SpeechToText synthesizeToFile not queuing


I'm trying to write some speech to an mp3 using the TextToSpeech.synthesizeToFile method. The text is longer than 4000 characters so I've had to break it up into chunks. The problem is only the last chunk of text ends up as the audio file, the method appears to be overwriting the file and not adding to it.

int maxLength = 1000; // TextToSpeech.getMaxSpeechInputLength() - 1; smaller chunks = start streaming sooner?
String fileName = Environment.getExternalStorageDirectory().getAbsolutePath() + "/test_p.mp3";
File file = new File(fileName);
final String utteranceId = "fooo";
for (int i = 0; i < elementListJson.length(); i++) {
    JSONArray elArray = elementListJson.getJSONArray(i);
    nodeType = elArray.get(0).toString();
    nodeText = elArray.get(1).toString();
    ArrayList<String> chunkedNodeText = StringHelper.splitToLineLengthWithoutBreakingWords(nodeText, maxLength);
    for(String chunk : chunkedNodeText) {
        Log.d("TTSW", "p"+partsProcessed+"   = "+chunk);
        int speechStatus = textToSpeech.synthesizeToFile(
                chunk
                , null, file, utteranceId);
        if (speechStatus == TextToSpeech.ERROR) {
            showNotificationHint("Error converting text to speech! #1");
        }
    }
}

This code works with the speak() method and QUEUE param but I need to write it to a single file to allow the user pause/rewind/fast forward controls.

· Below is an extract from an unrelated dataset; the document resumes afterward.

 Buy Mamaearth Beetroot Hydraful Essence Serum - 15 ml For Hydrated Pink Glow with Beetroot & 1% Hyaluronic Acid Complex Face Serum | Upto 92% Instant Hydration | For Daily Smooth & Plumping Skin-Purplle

I couldn't find a param for telling synthesizeToFile to queue but according to the doccomment it should queue up work anyway.


Solution

  • I gave this a try but it was a bit of a pandoras box!

    It appears that there is no way to "append" a new utterance to an existing file using synthesizeToFile() -- it will always rewrite the file.

    So it appears that the only ways to accomplish what you're trying to do would be:

    A) to write all the separate files (file1, file2, file3, etc.) and then merge them in order after* they are all finished being created.

    B) use a loop to write to a "temporary" file for each successive utterance, merging the temp file to the "main" file with each iteration. However, since sythesizeToFile() is asynchronous, you would need to pause/control the flow of this loop using an UtteranceProgressListener in order to prevent to temp file from being prematurely overwritten.

    Other considerations:

    1) synthesizeToFile() will only produce WAV even if you are naming it as mp3.

    2) * - synthesizeToFile() is asynchronous, so you will inevitably need to use an UtteranceProgressListener to prevent premature overwrites.

    3) WAV files are large so you would need to clean them up.